Assignment: Every line from the one holding "Polka Dot Cheetah Romper - Picture 5 of 5" to the end of the entries should be repeated exactly, with the pictures left out.

[Opening Data section]

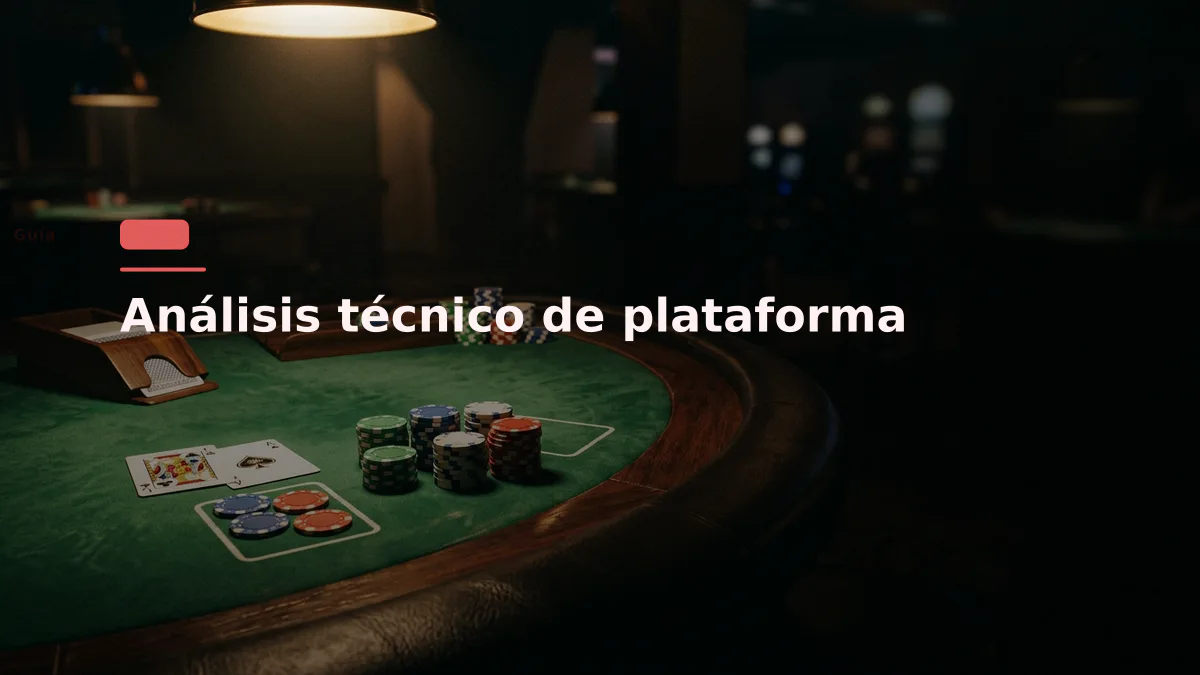 Análisis técnico de plataforma
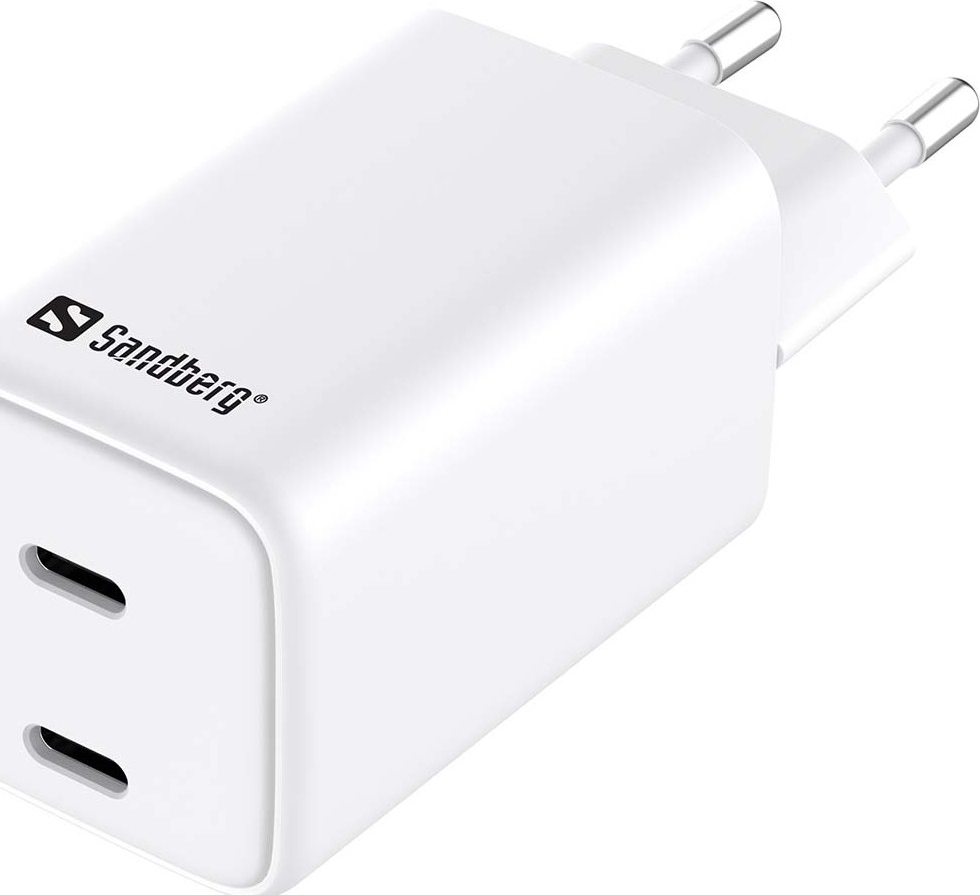 Sandberg AC Charger Dual USB-C PD65W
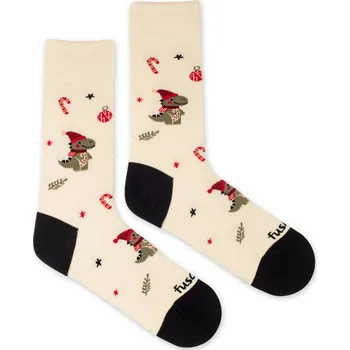 Dámské oblečení Ponožky Dinosaurus vánoční M (39-42)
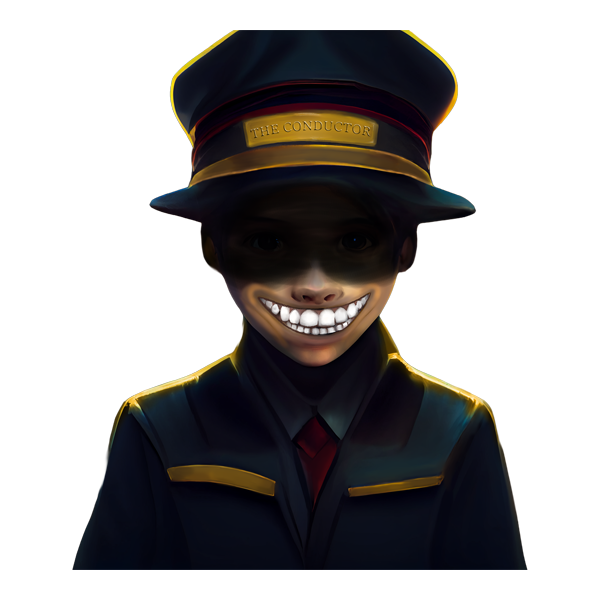 The Conductor acrylic keychain artwork illustration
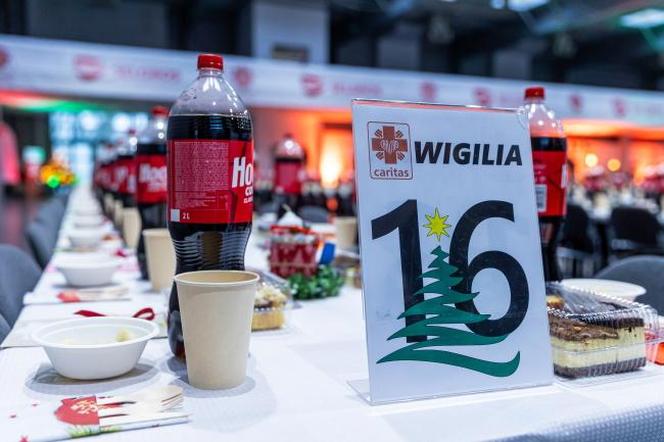Wigilia dla potrzebujących w Poznaniu na MTP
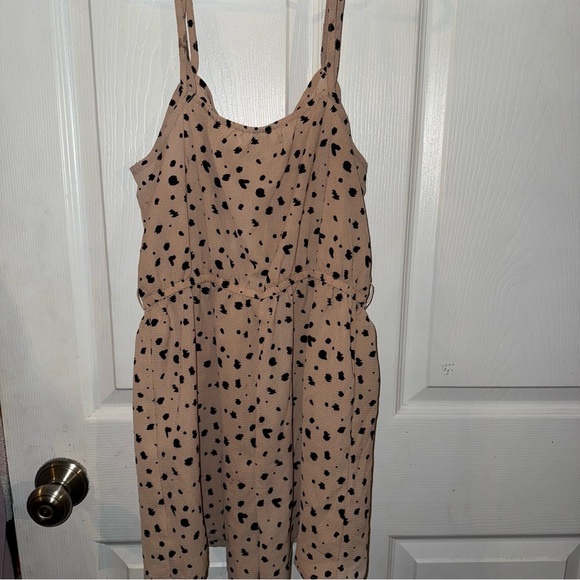 Polka Dot Cheetah Romper - Picture 5 of 5
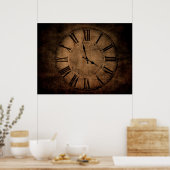 Retro-Uhr Poster (Küche)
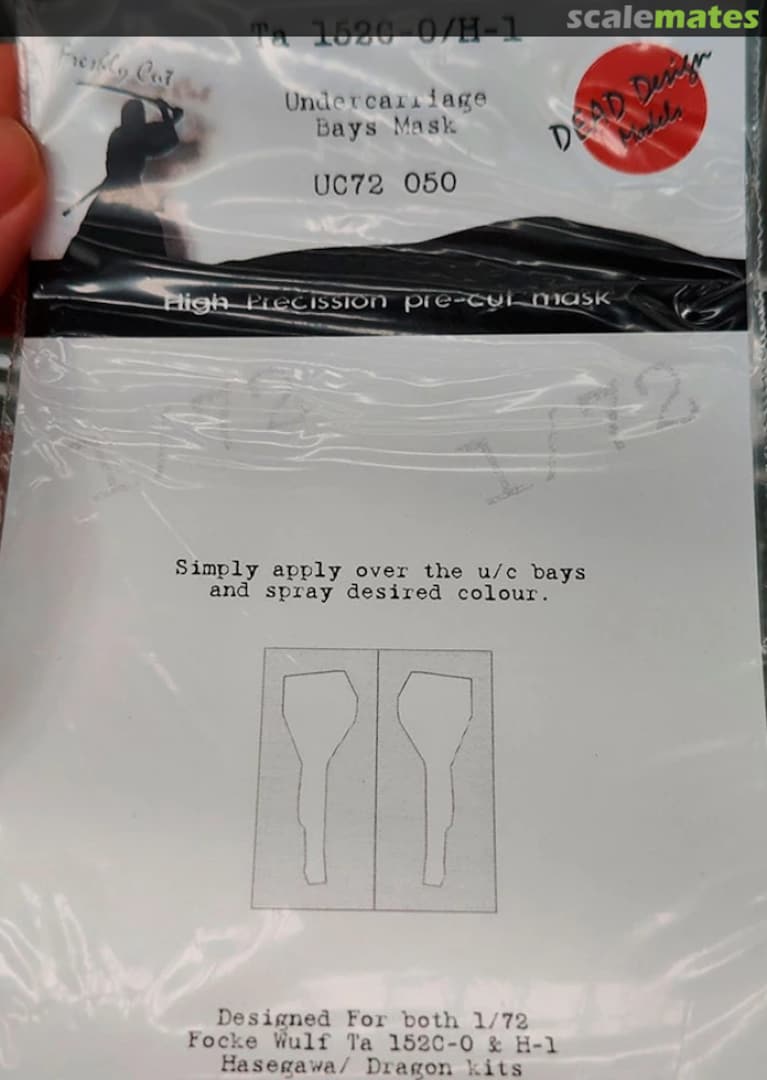 Boxart Ta 152C-0/H-1 Undercarriage Bays Mask UC72050 DEAD Design Models Boxart Ta 152C-0/H-1 Undercarriage Bays Mask UC72050 DEAD Design Models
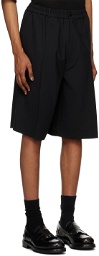 Cordera Black Tailoring Shorts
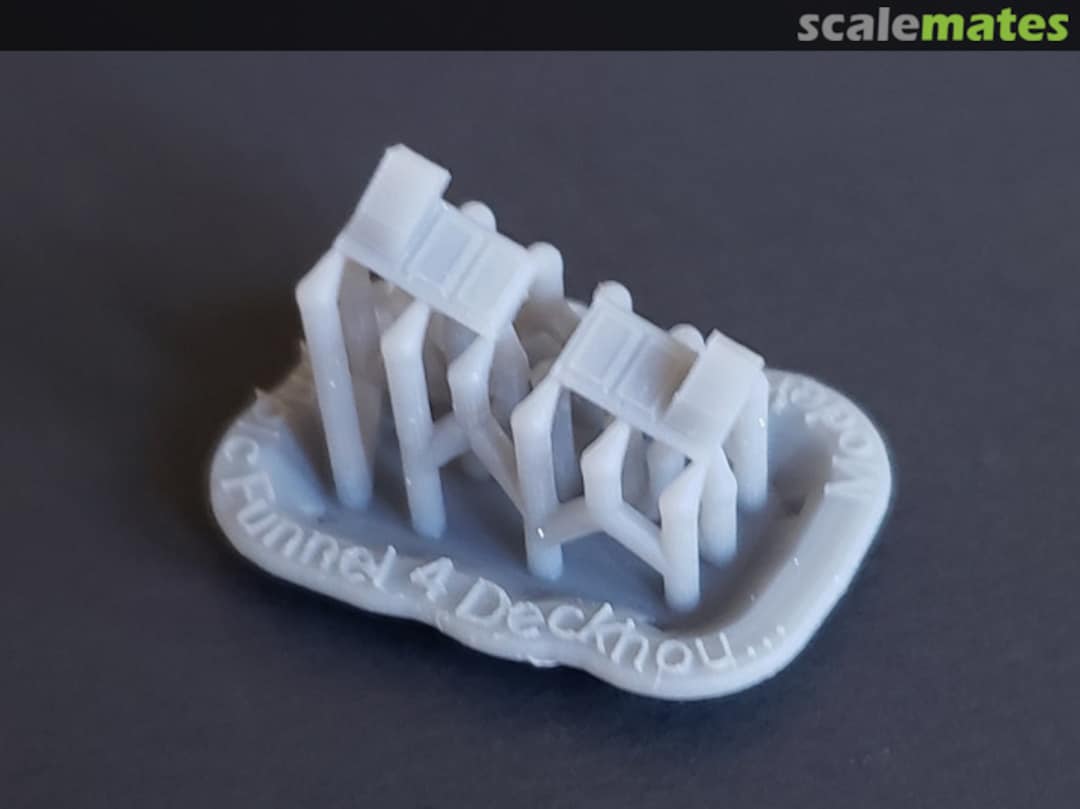 Boxart RMS Olympic Funnel #4 Deckhouse Skylights 350-Olympic Skylights-2 Model Monkey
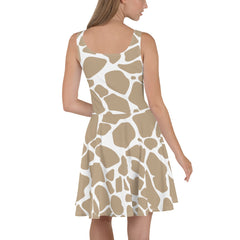 Trending Fashion Giraffe Skater Dress, lioness-love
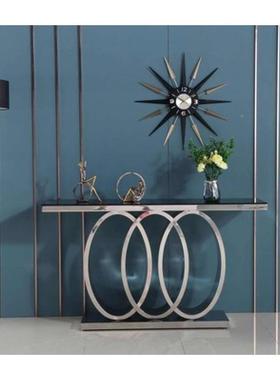 入户关桌大KT006理石玄关桌子靠玄墙现代不简约锈钢条案关台省空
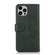 iPhone 15 Pro Max Cow Texture Leather Phone Case - Green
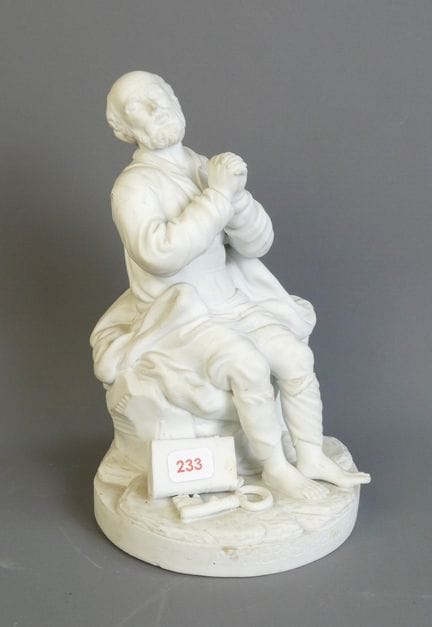 NIDERVILLER. San Pietro penitente. Opera in biscui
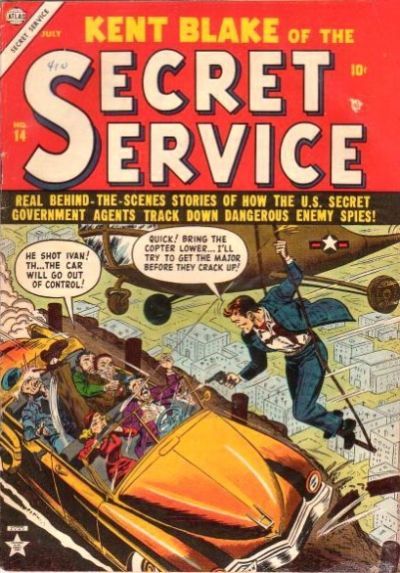 Kent Blake Of The Secret Service #14 Comic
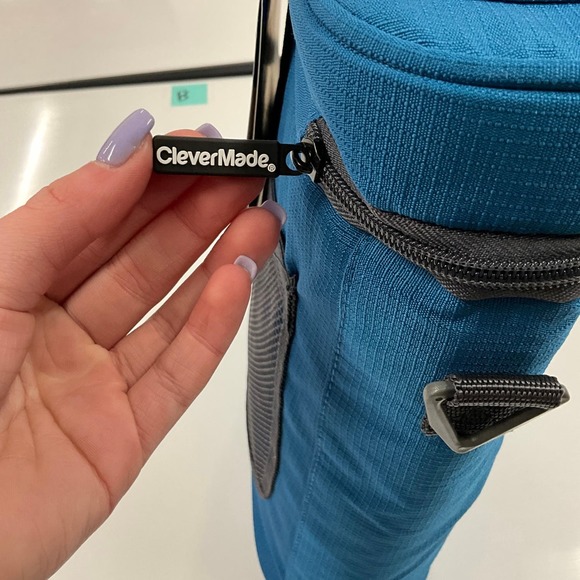 NWT Clevermade Multi Wine Bottle/Can Insulated Tote Strap Removable Ice Pack - Picture 13 of 15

[Closing Data section]

Response to this task:
 Polka Dot Cheetah Romper - Picture 5 of 5
 Retro-Uhr Poster (Küche)
 Boxart Ta 152C-0/H-1 Undercarriage Bays Mask UC72050 DEAD Design Models Boxart Ta 152C-0/H-1 Undercarriage Bays Mask UC72050 DEAD Design Models
 Cordera Black Tailoring Shorts
 Boxart RMS Olympic Funnel #4 Deckhouse Skylights 350-Olympic Skylights-2 Model Monkey
 Trending Fashion Giraffe Skater Dress, lioness-love
 入户关桌大KT006理石玄关桌子靠玄墙现代不简约锈钢条案关台省空
 iPhone 15 Pro Max Cow Texture Leather Phone Case - Green
 NIDERVILLER. San Pietro penitente. Opera in biscui
 Kent Blake Of The Secret Service #14 Comic
 NWT Clevermade Multi Wine Bottle/Can Insulated Tote Strap Removable Ice Pack - Picture 13 of 15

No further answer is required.